----- Material shown -----

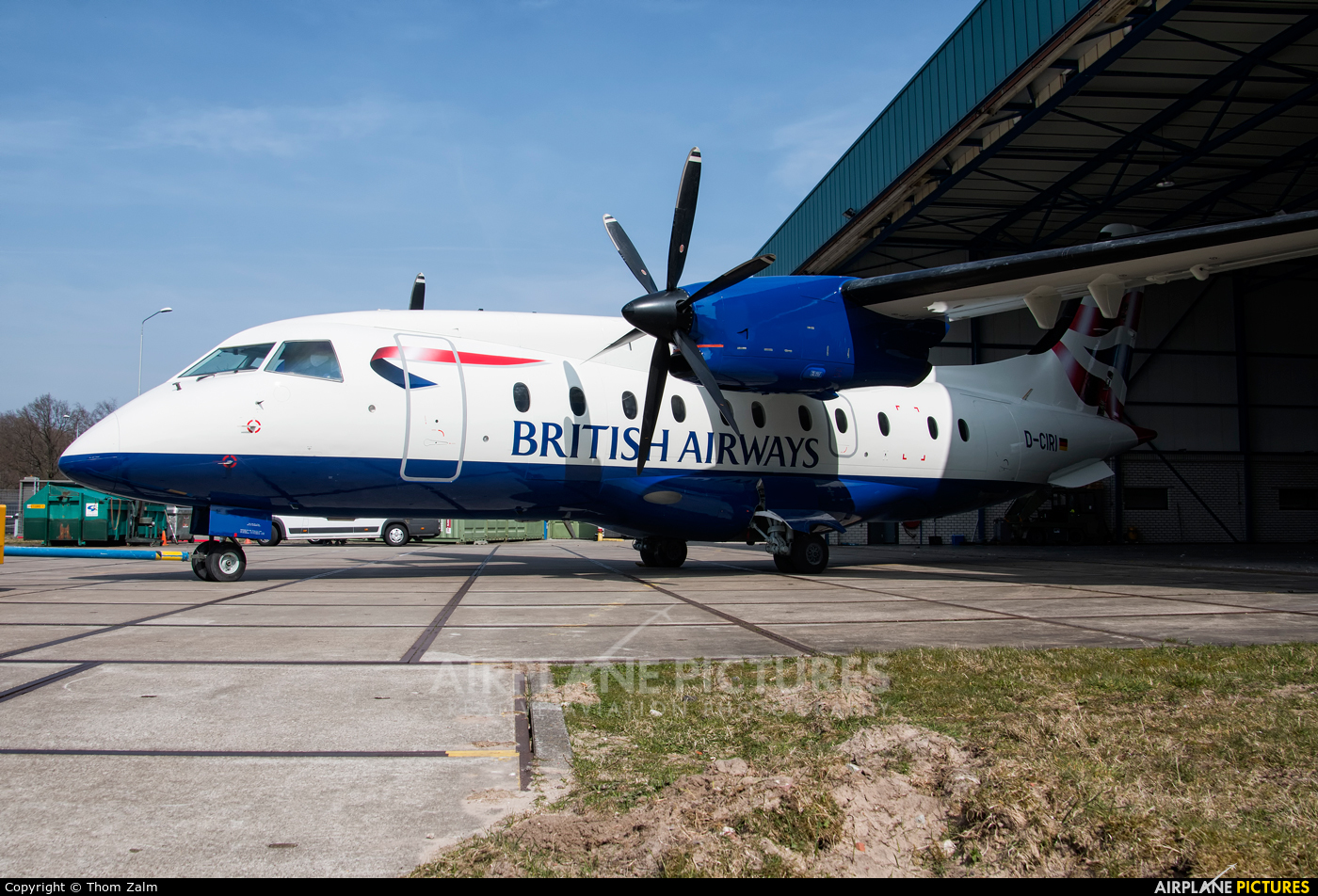 British Airways - Sun Air D-CIRI aircraft at Eindhoven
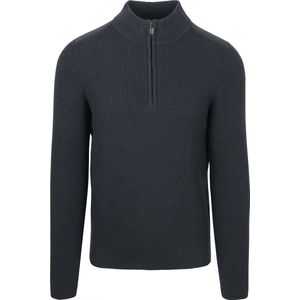 Suitable - Half Zip Trui - Donkerblauw - Schipperstrui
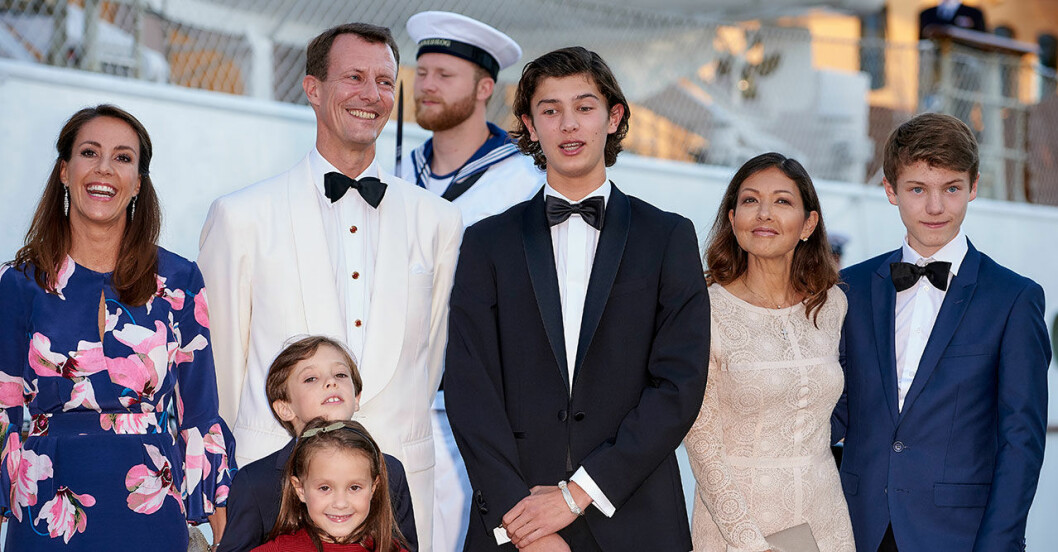 Alexandra och Joachim med barn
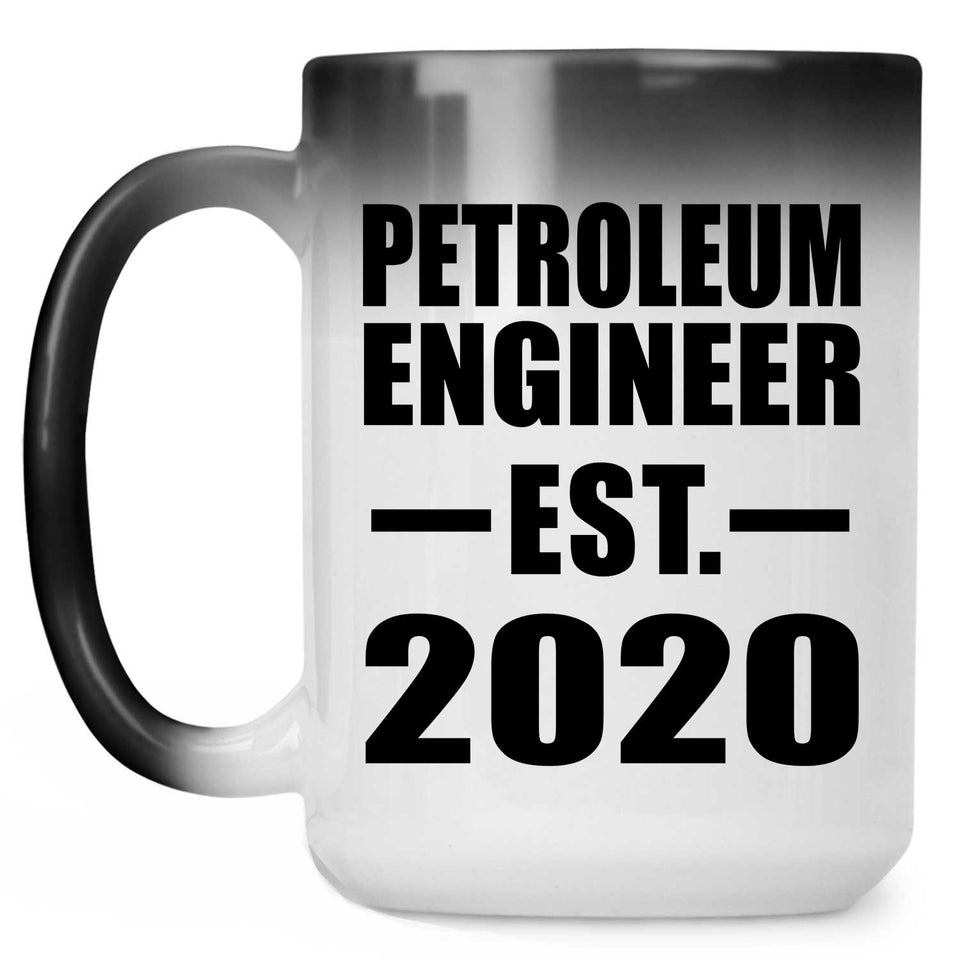 Petroleum Engineer Established EST. 2020 - 15oz Color Changing Mug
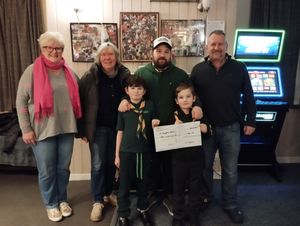 Knighton Scouts received a £300 grant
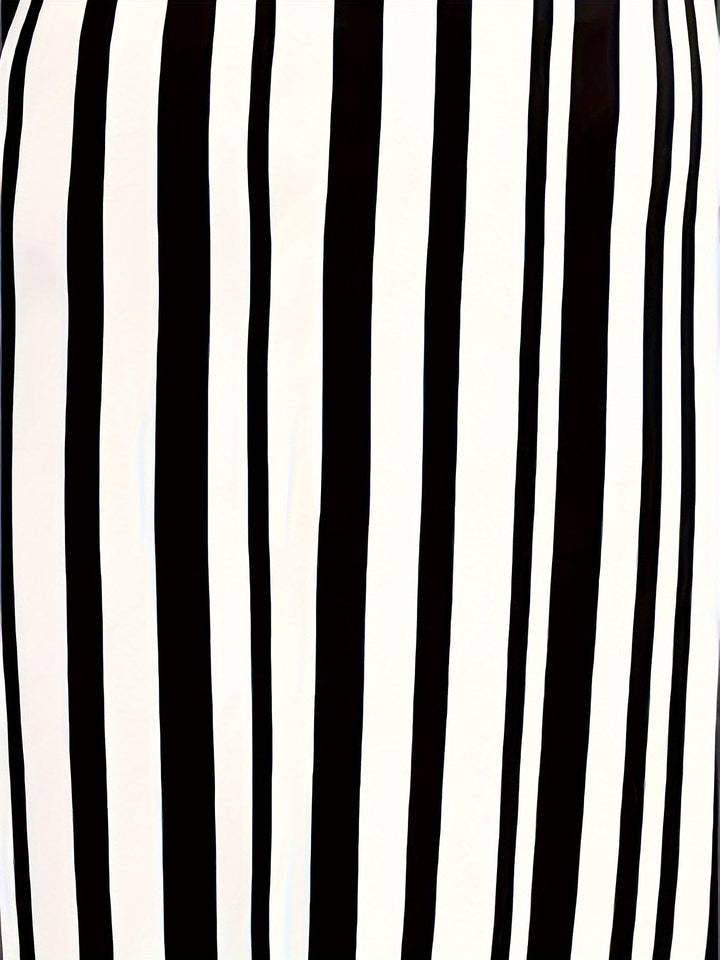 Tara | Striped Dress in Plus Sizes
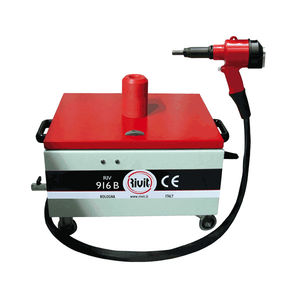 hydro-pneumatic riveting tool / for blind rivets / with controller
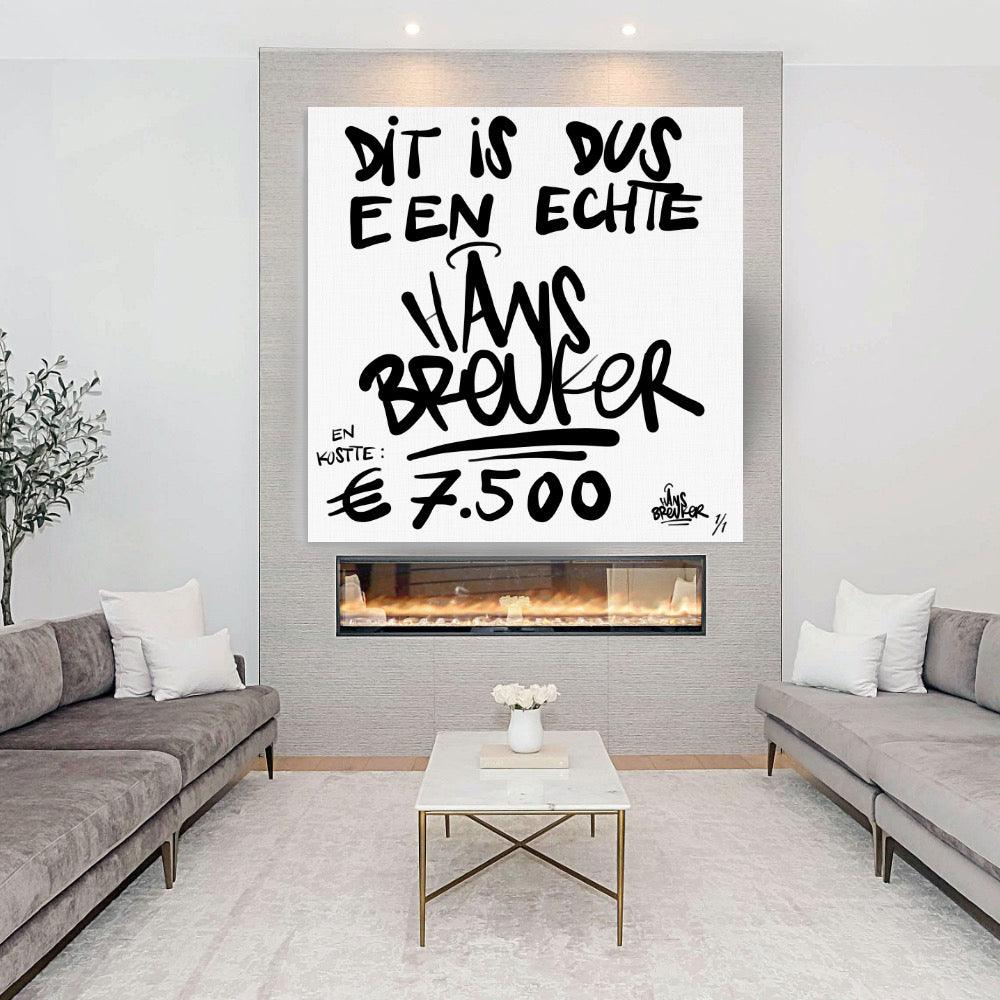 Een echte Hans Breuker. 100 x 100 cm. 1 stuk beschikbaar. - Hans Breuker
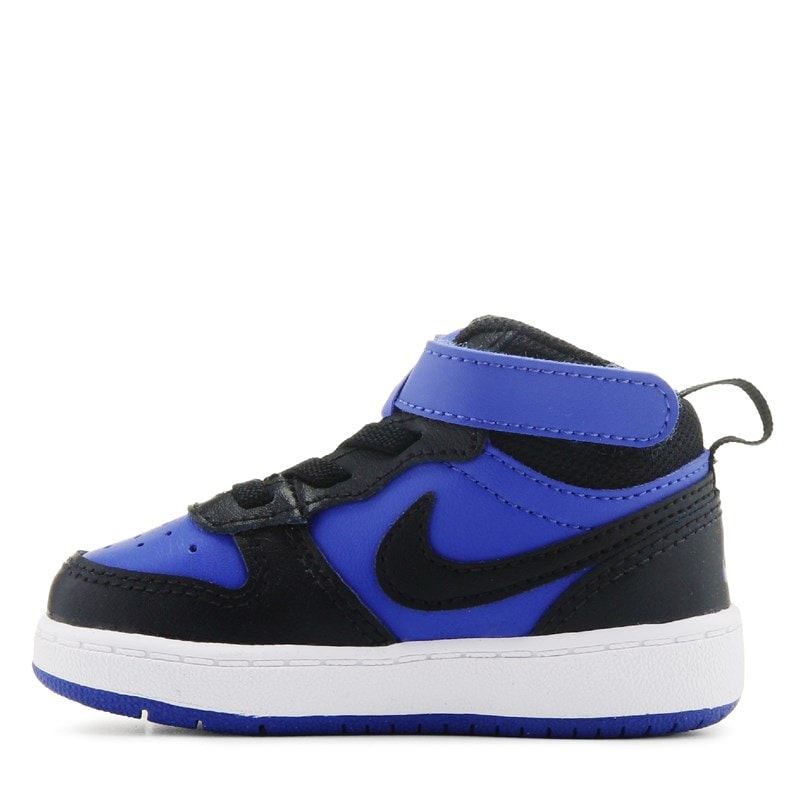 Kids' Court Borough Mid 2 High Top Sneaker Baby/Toddler Shoes (Black/Royal)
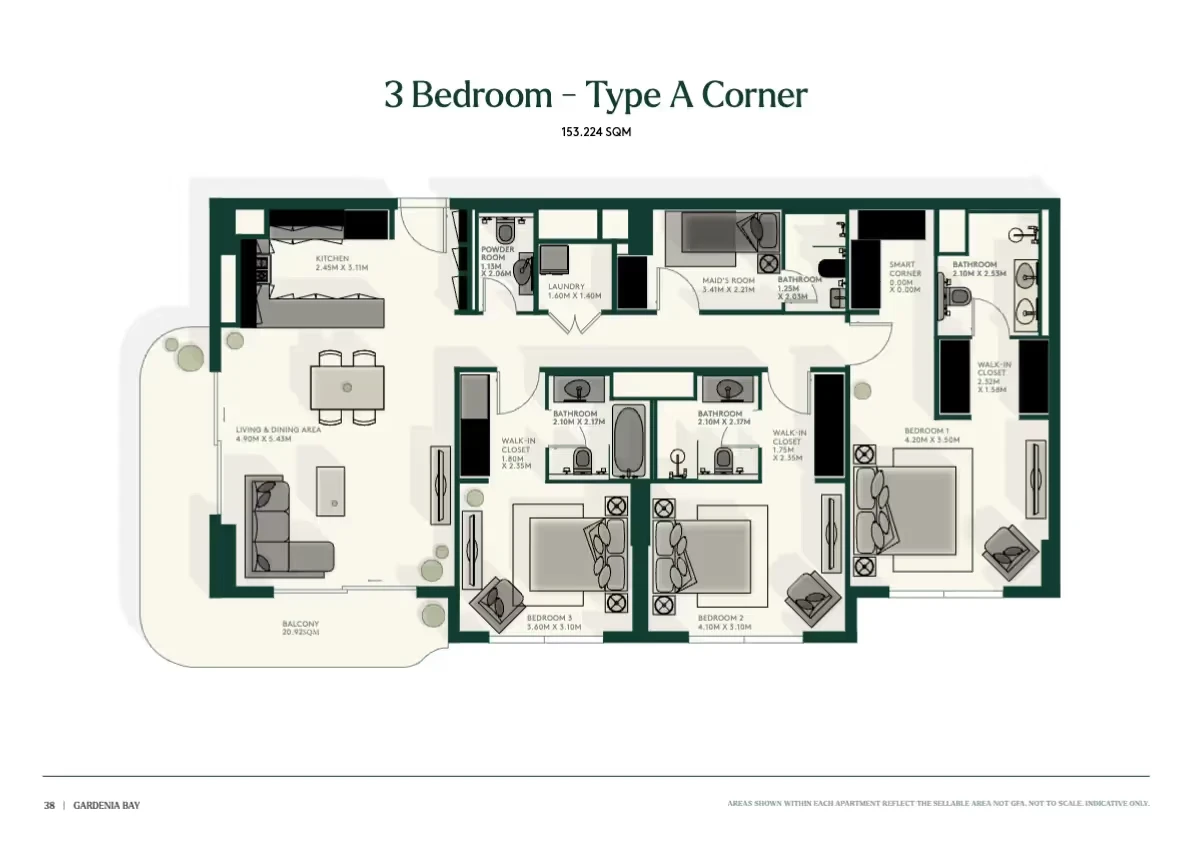 Gardenia Bay: published floor plan 4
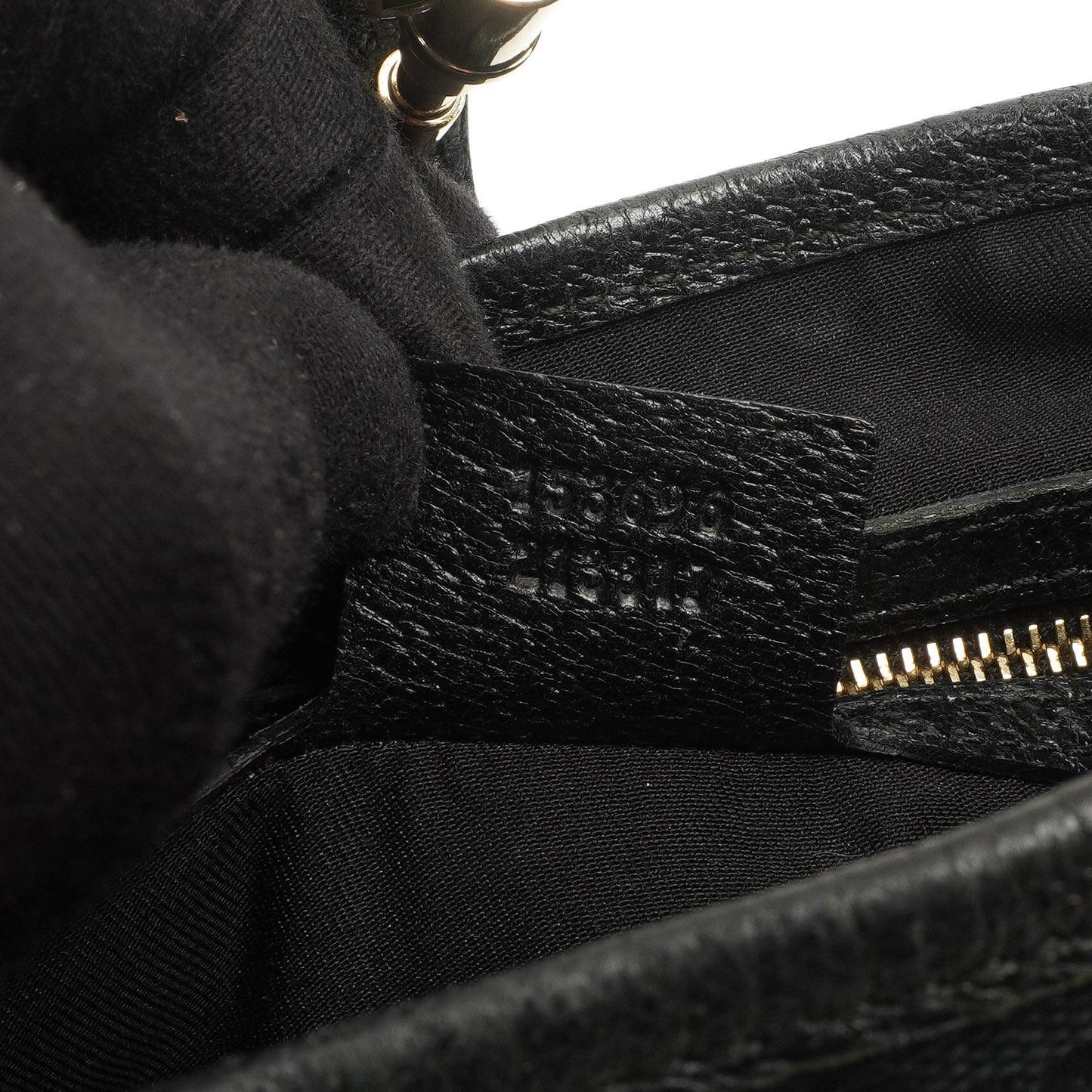 Gucci Jackie Medium Vintage Shoulder Bag Black/Dark Navy GG Canvas And Leather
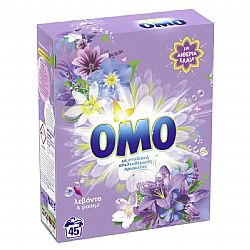 OMO ΑΠΟΡΥΠΑΝΤΙΚΟ ΠΛΥΝΤΗΡΙΟΥ ΡΟΥΧΩΝ ΣΚΟΝΗ ΛΕΒΑΝΤΑ & ΓΙΑΣΕΜΙ 45 ΠΛΥΣΕΙΣ  2.52kg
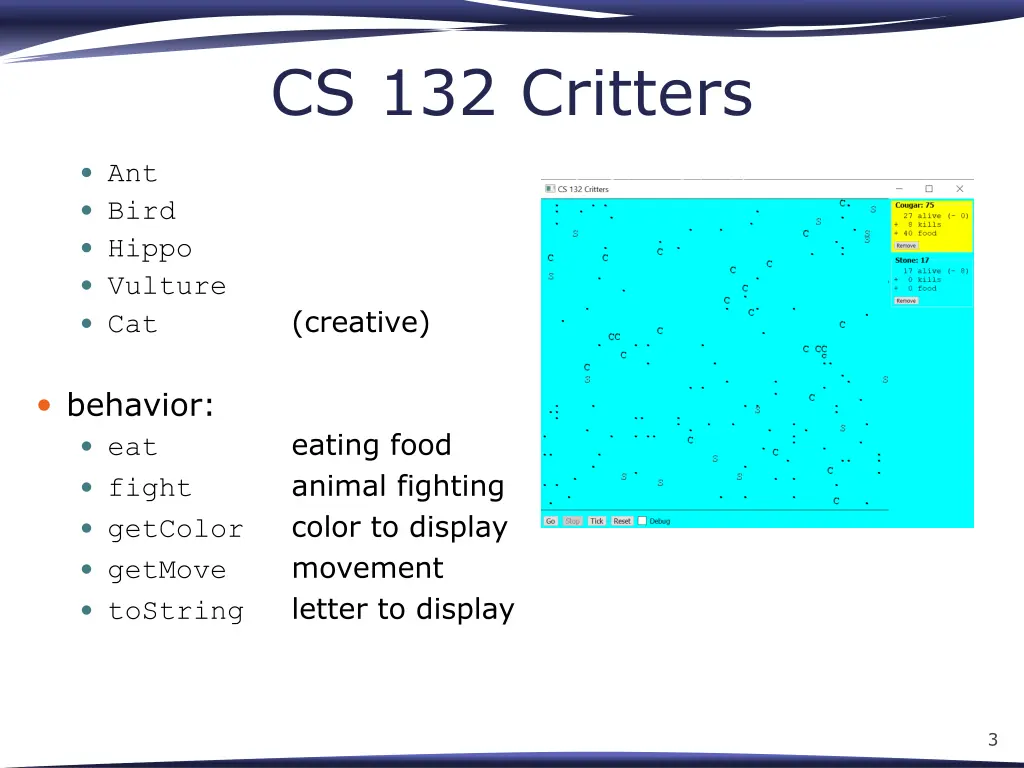 cs 132 critters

-----

● Problem statement: Your reply should be the full data above, copied exactly, with no pictures in it.

● Task result:
 British Airways - Sun Air D-CIRI aircraft at Eindhoven
 Suitable - Half Zip Trui - Donkerblauw - Schipperstrui
 Alexandra och Joachim med barn
 Petroleum Engineer Established EST. 2020 - 15oz Color Changing Mug
 Knighton Scouts received a £300 grant
 Tara | Striped Dress in Plus Sizes
 hydro-pneumatic riveting tool / for blind rivets / with controller
 Een echte Hans Breuker. 100 x 100 cm. 1 stuk beschikbaar. - Hans Breuker
 Kids' Court Borough Mid 2 High Top Sneaker Baby/Toddler Shoes (Black/Royal)
 Gardenia Bay: published floor plan 4
 Gucci Jackie Medium Vintage Shoulder Bag Black/Dark Navy GG Canvas And Leather
 OMO ΑΠΟΡΥΠΑΝΤΙΚΟ ΠΛΥΝΤΗΡΙΟΥ ΡΟΥΧΩΝ ΣΚΟΝΗ ΛΕΒΑΝΤΑ & ΓΙΑΣΕΜΙ 45 ΠΛΥΣΕΙΣ  2.52kg
 cs 132 critters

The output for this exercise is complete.